A couple of months ago, my girlfriend and I were in a rough patch. Our communication had gotten stale, and we were not really expressing emotion for each other (probably both related). During this time, she decided to meet up with someone she had met online. According to her, they had a couple of dates and kissed. We have moved past a lot of it, and I have decided – _at least for now_ – to just believe her. Believe that she’s being truthful with me, and that the extent of her cheating was limited to kissing one individual on multiple occasions. Even with all this in motion, with all of the wonderful things she has done to help us, and with our moving forward in a lot of ways, I’m still having great difficulty with one thing:
I cannot bring myself to kiss her. We will lightly kiss, but not really *Kiss*.

Next to sexual intimacies, kissing was the most intense, special and loving thing we shared… that I have ever shared with anyone ever, actually. We would look forward to it when we were apart, and when we were together we couldn’t get enough of it. That all died the moment she took that incredibly intimate and special piece of us that we perfected (with each other), and shared it with a random internet scoundrel. She took something that was so immensely centric and important to us, and gave it away like it meant nothing. As I said, we had reached a rough spot, but we were still together, I loved her, and was envisioning and working toward a life together. In contrast, this other guy just wanted to get into the pants of another pretty face. He was some loser internet player who had 260+ online ‘friends’, virtually all of them local, female and single. Once my girlfriend was gone, he picked right up chatting away on his page with other potential targets.

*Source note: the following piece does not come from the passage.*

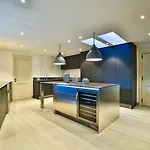 Penthouse Le Lustre Apartment *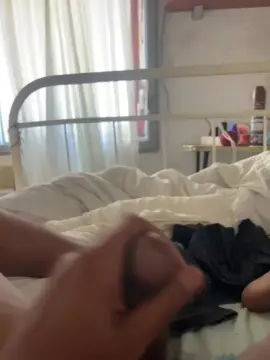 Cam4 Free Live Porn of joonathaaan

Our kisses meant the world to me. Now they mean nothing, and I want that to change. I would love to hear from people who have been on either side of this situation.

– If you cheated, what did you do to help restore your partner’s desire for the intimate and special feelings that were lost?

– If you were cheated on, what helped to restore your wanting to share moments like the above with your partner? What did it take for you to kiss them and again feel closeness, Love, and happiness, as opposed to emptiness over what was stolen, disgust for what happened, and repulsion for how low they allowed their self to sink?

Kissing feels hollow now. I want to feel like I’m kissing the Love of my life again.


– DNJ


----------



## GusPolinski (Jan 21, 2014)

Would you mind answering some questions first?

* How long have you been dating?

* Do you currently live together?

* Do you have any children together?


----------



## Kitt (Jun 3, 2015)

Have you talked to her about feeling betrayed?


----------



## MountainRunner (Dec 30, 2014)

I don't know what it is about deeply kissing a woman, but to me it is more erotic than the physical act of intercourse. I love the kissing, the touching, the tastes, scents, tactile sensations accompanied...I hear you. that being said...I am a cheater. How did I restore the passion? It took efforts on both our parts.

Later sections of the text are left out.